土地の開発巡り、ラオス全土で4000件の訴訟。大型物件は中国企業が絡む。
先頃、ラオスの首都ビエンチャン市政府当局は、工業区開発予定地区の住民の訴えをしりぞけ、開発の主契約者は中国の「上海万風集団」と決めたと発表した。住民は激高し、次の行動を取る予定という(アジアタイムズ、8月3日付け)。
外国企業、とりわけタイと中国からの投資がめざましいラオス。首都に新しい開発地区を発展させようとするのは、となりのカンボジアが川の中州を開発して新都心を造成し、成功したからである。カンボジアは親中派の代表、首都の高層ビルの大方が中国企業の投資である。
ラオスはメコン河を挟んでタイの北側にビエンチャンならびに観光資源が集中しており、摩天楼こそまだないが十階建てのビルはたいがいが外国投資である。
新しく造成中のルアンマーシ地区開発は365ヘクタール。

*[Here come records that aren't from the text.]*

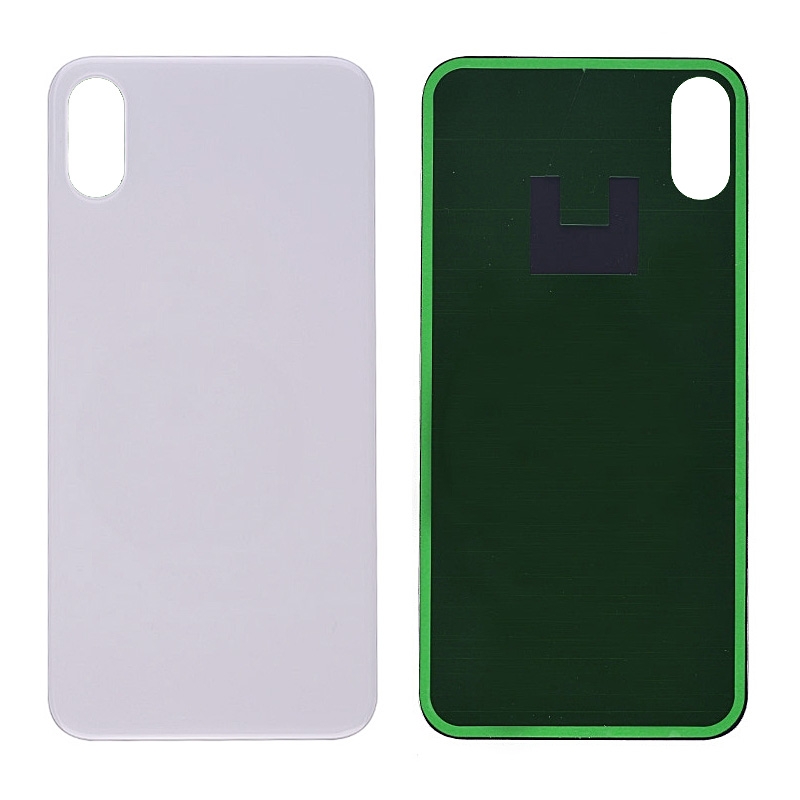 Back Glass Cover with Adhesive for iPhone X - White(No Logo/ Big Hole)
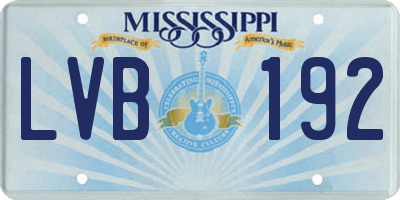 MS license plate LVB192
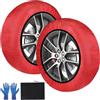 SWAWIS Calze da Neve Omologate EN 16662-1 Catene da Neve in Tessuto Calze Neve Taglia L per R14 - R20 Calze da Neve Calze Neve Auto Universali, 1 Coppia Rosso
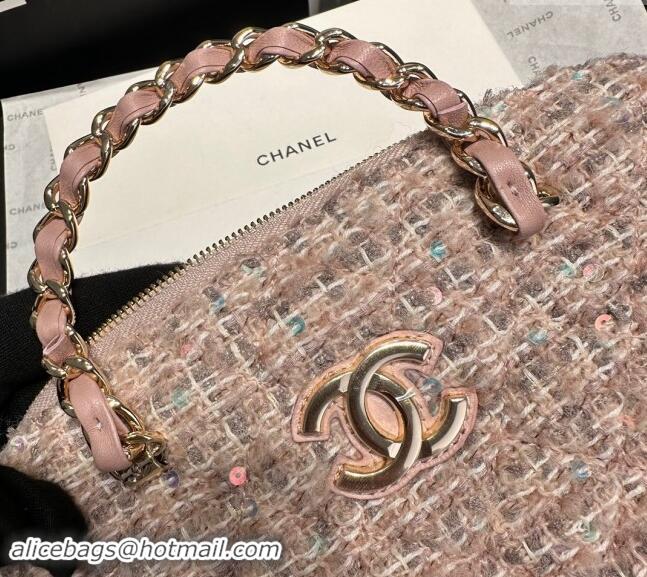 Buy Discount Chanel Tweed & Sequins Small Shopping Bag AS3969 Nude Pink 2024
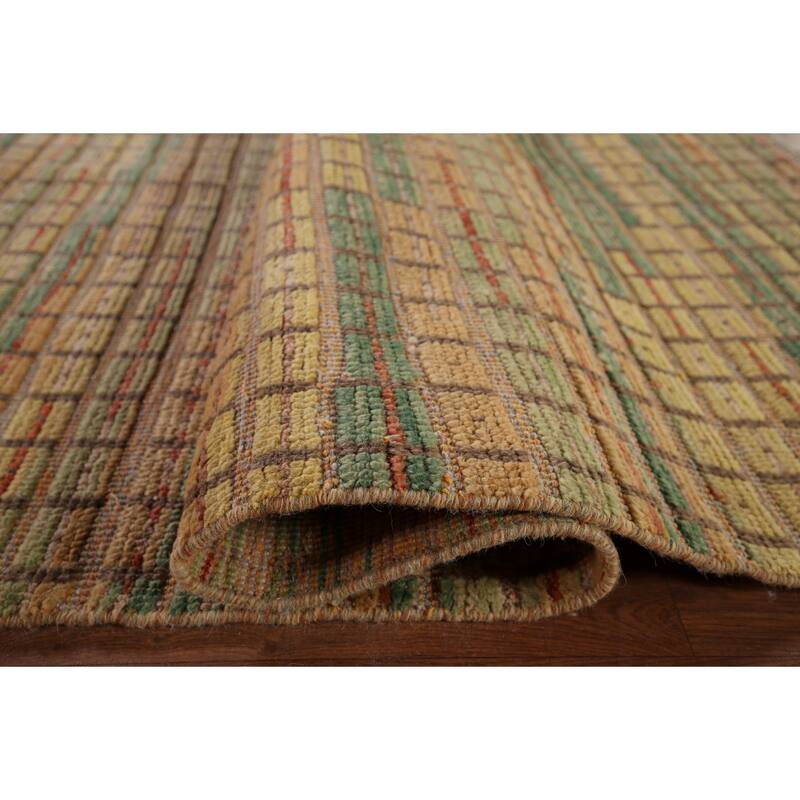 All-Over Checkered Moroccan Large Area Rug Hand-Knotted Wool Carpet - 9'10"x 14'4"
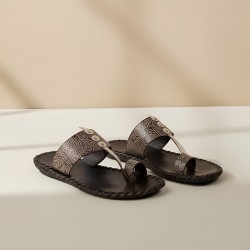 Men Beige Ethnic Kolhapuris
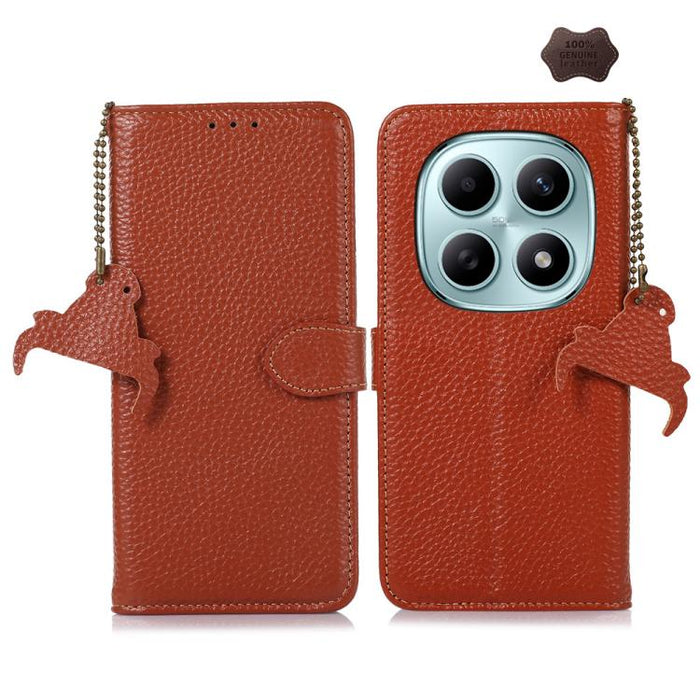 Funda para teléfono de cuero genuino con textura de lichi y RFID, For Redmi A7 Pro 171mm/Poco C85x 5G, For Redmi Turbo 5 Max / Poco X8 Pro Max, For Redmi Turbo 5 5G / Poco X8 Pro 5G, For Redmi Note 15 5G Global 164mm, For Redmi K90 Pro Max/Poco F8 Ultr...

ここに公園を造成し、巨大ショッピングモール、娯楽コンプレックス、スポーツ施設など新都心型の大型な町作りを提案した中国の企業は、住民435家族への保証金を要求額の十分の一しか提示していないため、多くの住民が立ち退きに応じていない。
ラオスの住民の不安感は嘗ての巨大開発を言いつのり、四億ドルのプロジェクトを提案した中国企業が、その後の住民の保証金要求に一切回答せず、プロジェクトは立ち消えとなった。
ラオス全土では、こうした住民の補償をめぐる訴訟が4000件も起きていて、住民パワーが力強くなっていることを窺わせる。